▶ [SUPPLIED MATERIAL]:
────────────────

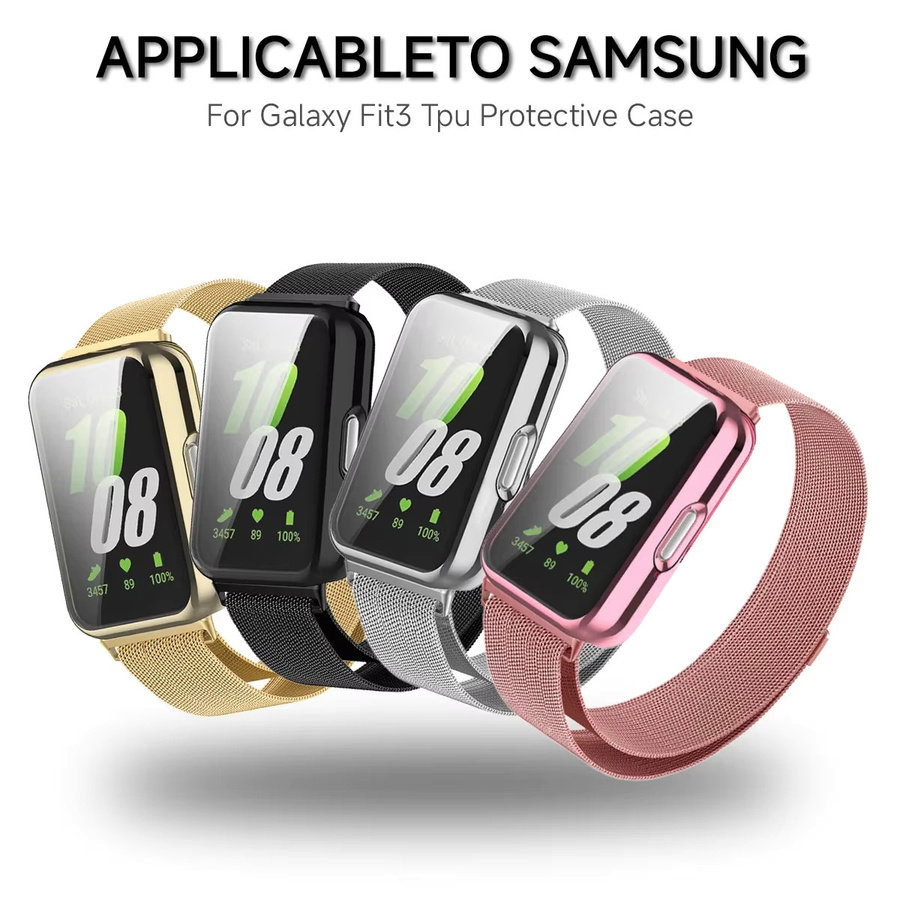 CAOWTAN Uhrenarmband Samsung Galaxy Fit 3, Edelstahl, Milanaise, pink, Unisex - Bild 2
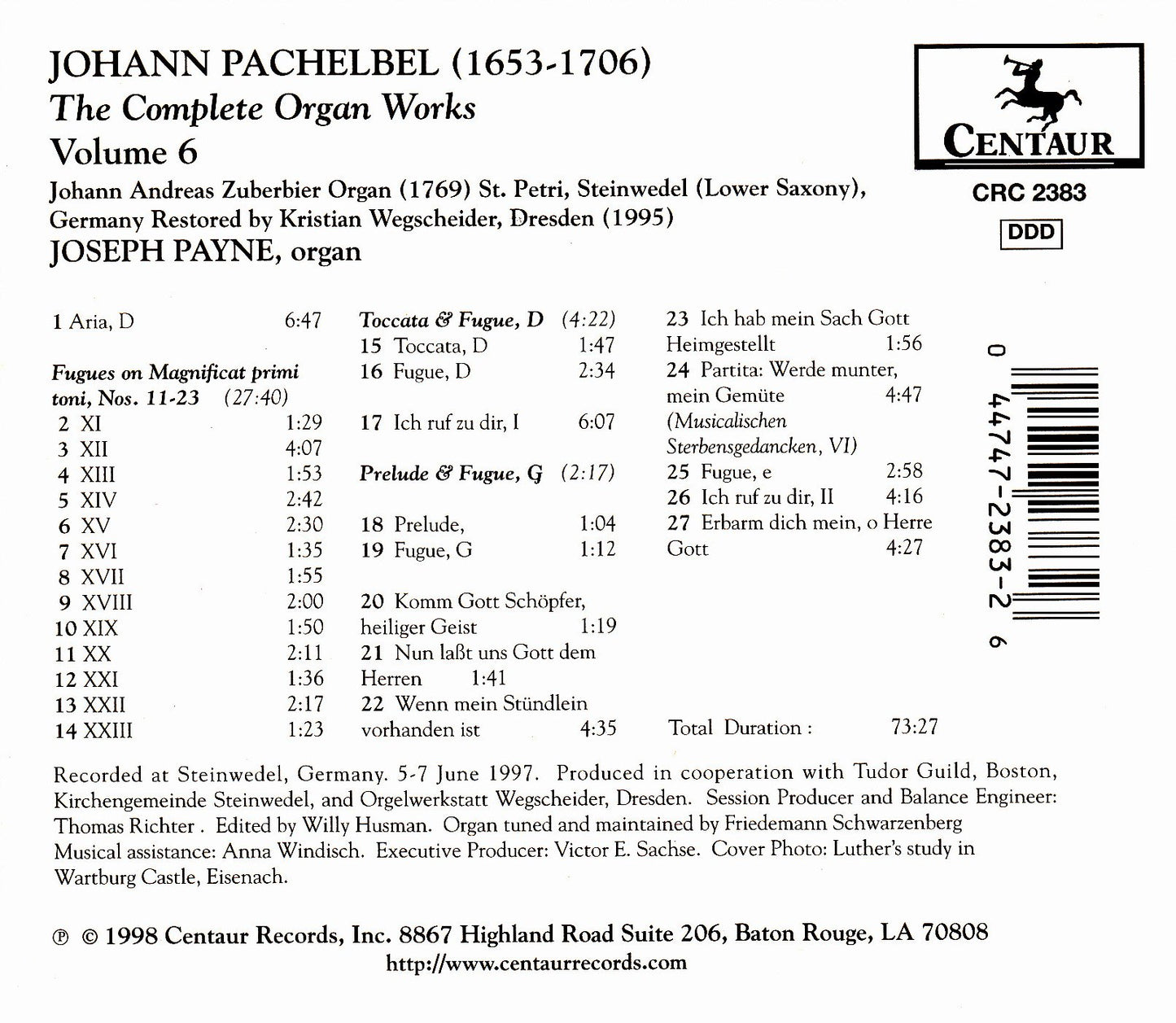 Pachelbel, J.: Organ Music (Complete), Vol. 6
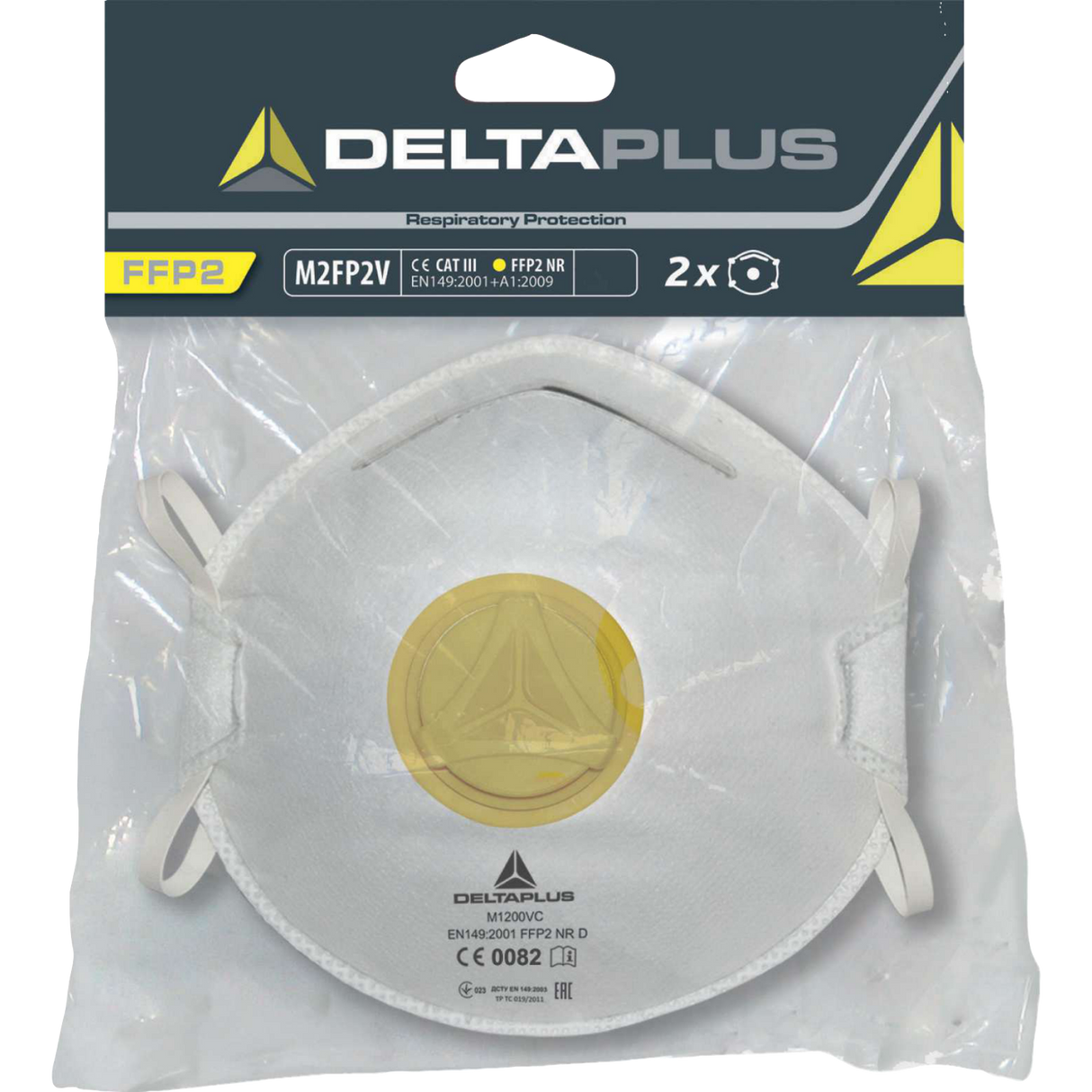 Delta Plus M2FP2V P1 Disposable Respiratory Mask – Pack of 2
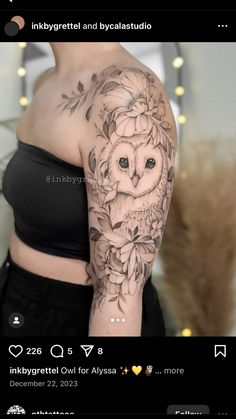 an owl with flowers on her arm and the words inkygreet and blycatastudio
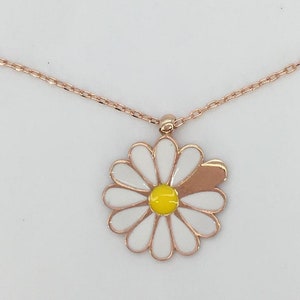 Rose Gold Vermeil Silver Daisy Flower Necklace / 925 Sterling Silver / Women Gift /Women Necklace/Christmas Gift/ New in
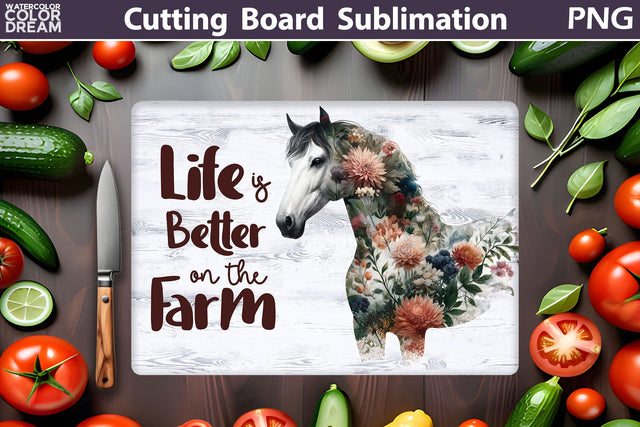 Farm Animal Cutting Board | Horse Cutting Board Sublimation WatercolorColorDream 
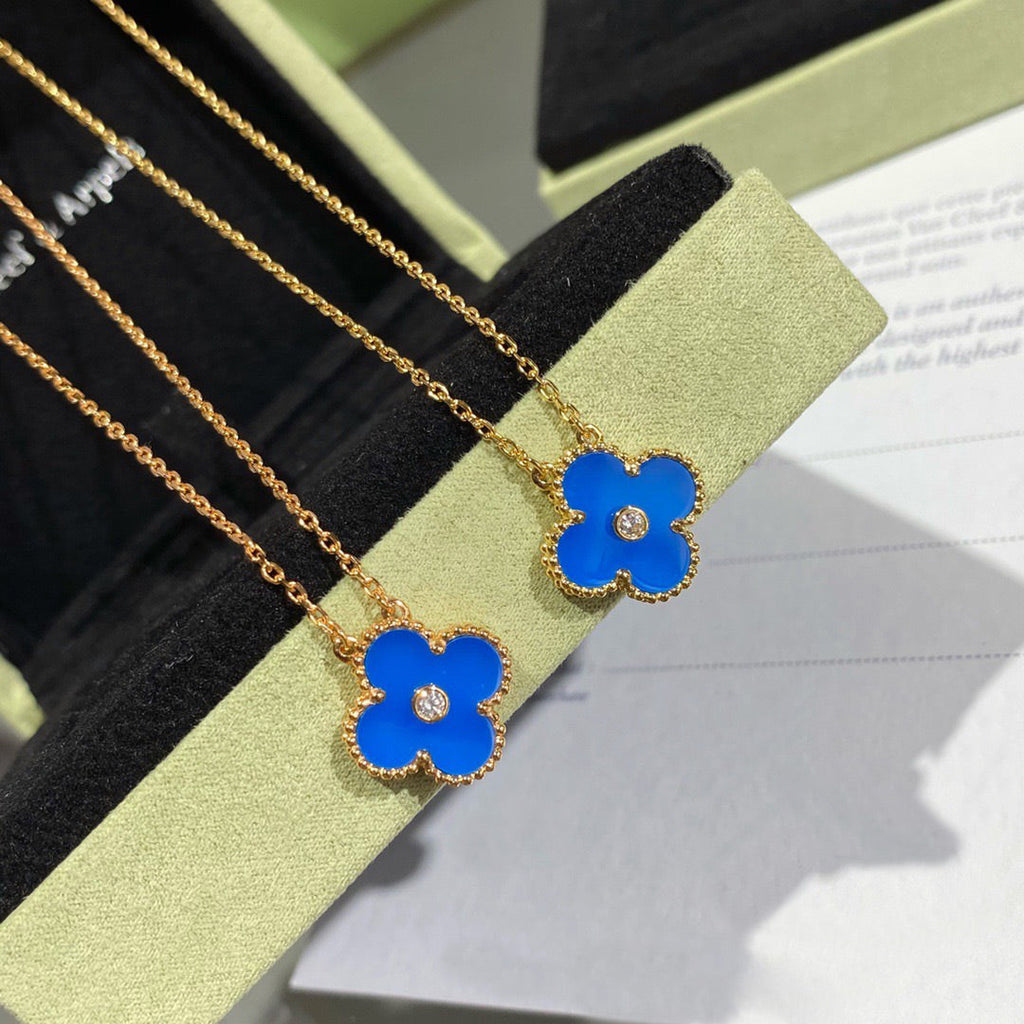 ¡®Twinkle jewelry¡¯CLOVER 15MM DIAMOND AND BLUE AGATE NECKLACE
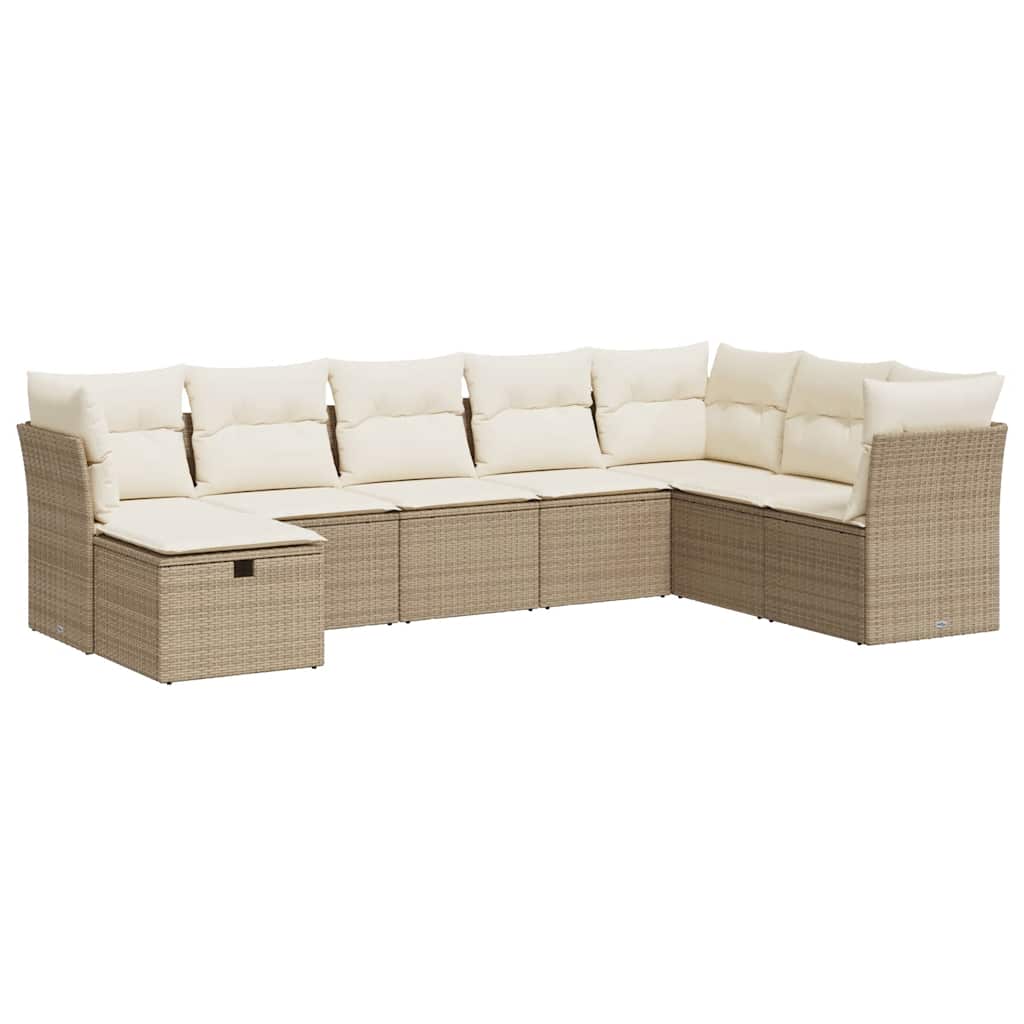 vidaXL Set Divano da Giardino 8 pz con Cuscini Beige in Polyrattan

────────────────

▶ [PROMPT]: Word for word, restate the records shown above, minus the pictures.

▶ [YOUR SOLUTION]:
 CAOWTAN Uhrenarmband Samsung Galaxy Fit 3, Edelstahl, Milanaise, pink, Unisex - Bild 2
 Pachelbel, J.: Organ Music (Complete), Vol. 6
 Delta Plus M2FP2V P1 Disposable Respiratory Mask – Pack of 2
 an owl with flowers on her arm and the words inkygreet and blycatastudio
 Rose Gold Vermeil Silver Daisy Flower Necklace / 925 Sterling Silver / Women Gift /Women Necklace/Christmas Gift/ New in
 Farm Animal Cutting Board | Horse Cutting Board Sublimation WatercolorColorDream 
 ¡®Twinkle jewelry¡¯CLOVER 15MM DIAMOND AND BLUE AGATE NECKLACE
 vidaXL Set Divano da Giardino 8 pz con Cuscini Beige in Polyrattan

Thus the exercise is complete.